- [Prompt] This exercise calls for retyping every line below exactly, with the images omitted.

- [Given information]
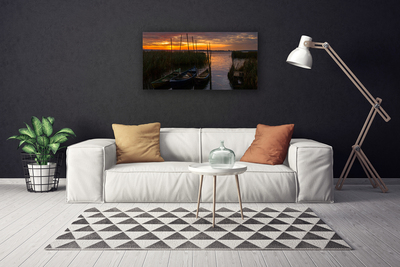 Canvas doek foto Boot sea grass landschap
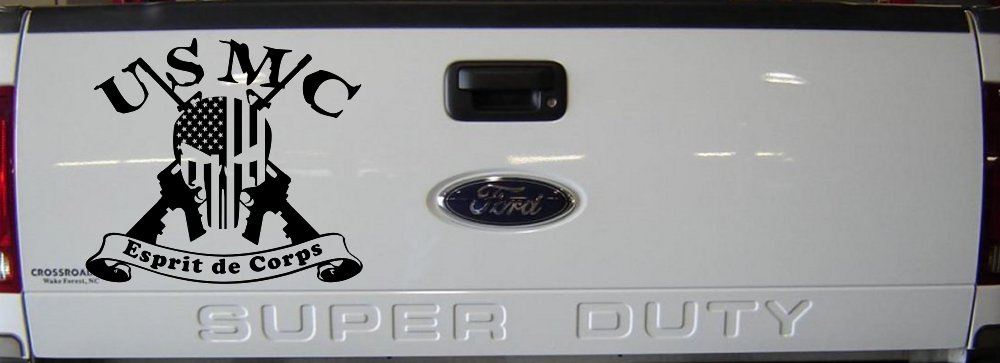 USMC United States Marine Corps Esprit de Corps Punisher Skull US Flag Crossed AR15 Guns Military Car or Truck Window Decal Sticker (Black)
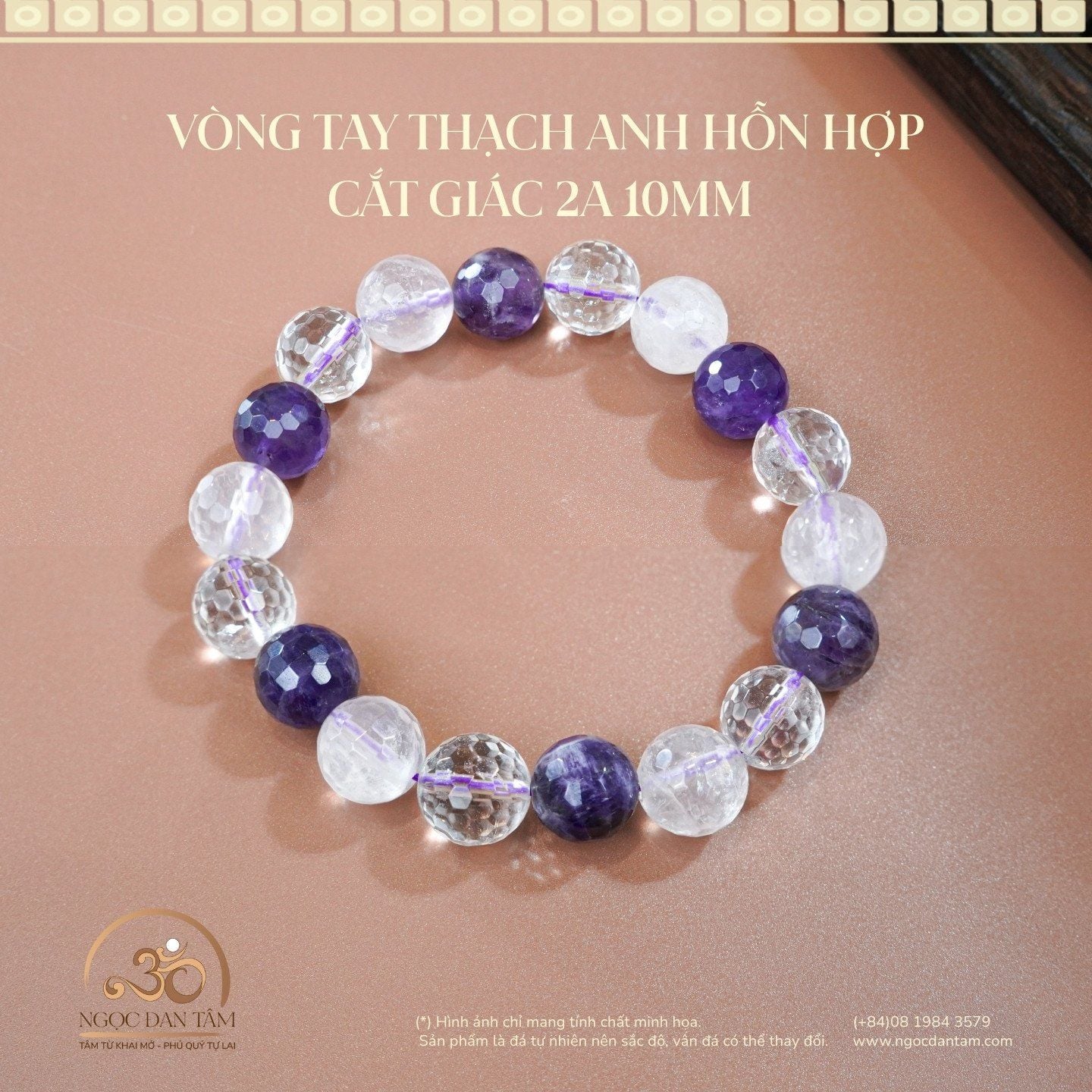  Vòng Tay Thạch Anh Hỗn Hợp Cắt Giác 2A 10mm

- [Result]
 Canvas doek foto Boot sea grass landschap
 USMC United States Marine Corps Esprit de Corps Punisher Skull US Flag Crossed AR15 Guns Military Car or Truck Window Decal Sticker (Black)
  Vòng Tay Thạch Anh Hỗn Hợp Cắt Giác 2A 10mm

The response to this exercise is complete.